Would you please copy only the lines from the line that contains "Boucle de remplacement" to the end of the data below, exactly, leaving every picture out?

● The input

===============

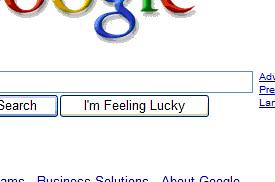 I'm Feeling Lucky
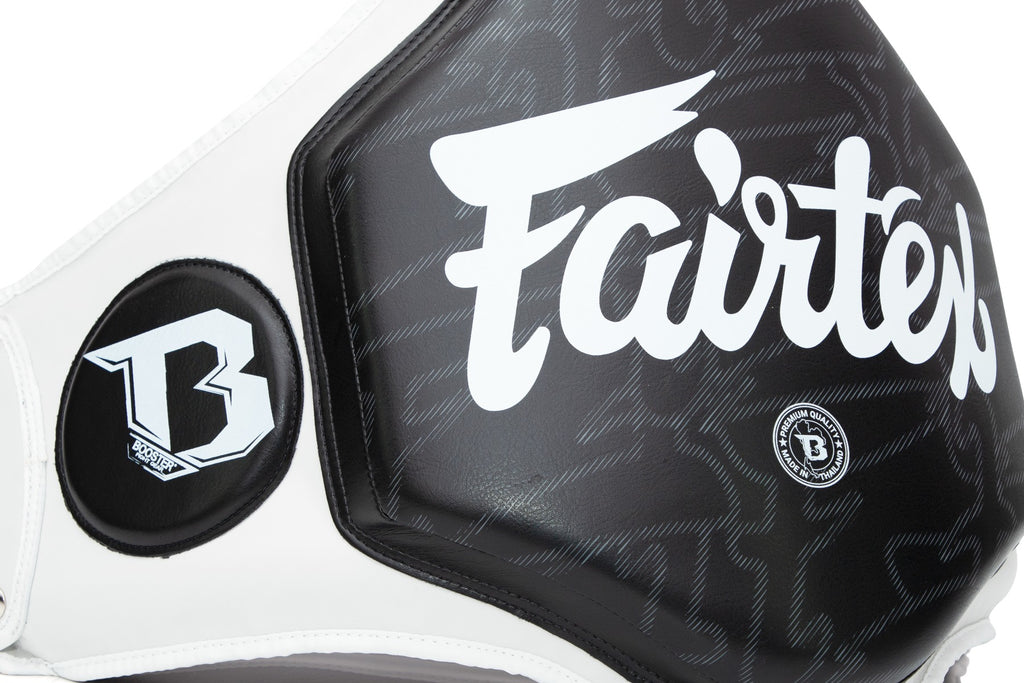 Fairtex x Booster Buikbeschermer Wit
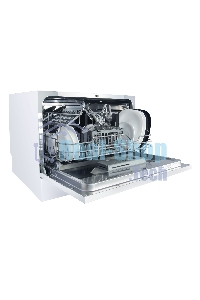 Посудомоечная машина Maunfeld MLP 06S, белый, 55 см, 6 компл., 49 дБ, класс A+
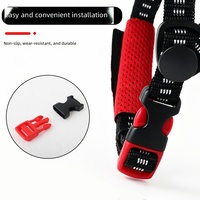 Boucle de remplacement universelle et durable pour casque de vélo VTT pour enfants, avec insert de broche de fixation pour une sécurité accrue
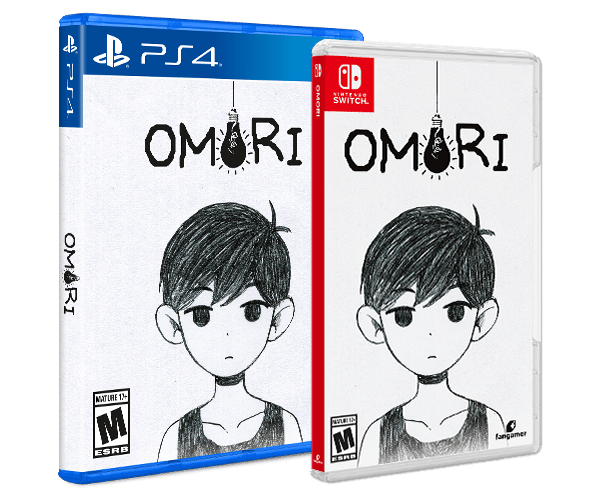 OMORI for Nintendo Switch™ and PlayStation 4 - Fangamer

===============

● Finished task
 Boucle de remplacement universelle et durable pour casque de vélo VTT pour enfants, avec insert de broche de fixation pour une sécurité accrue
 OMORI for Nintendo Switch™ and PlayStation 4 - Fangamer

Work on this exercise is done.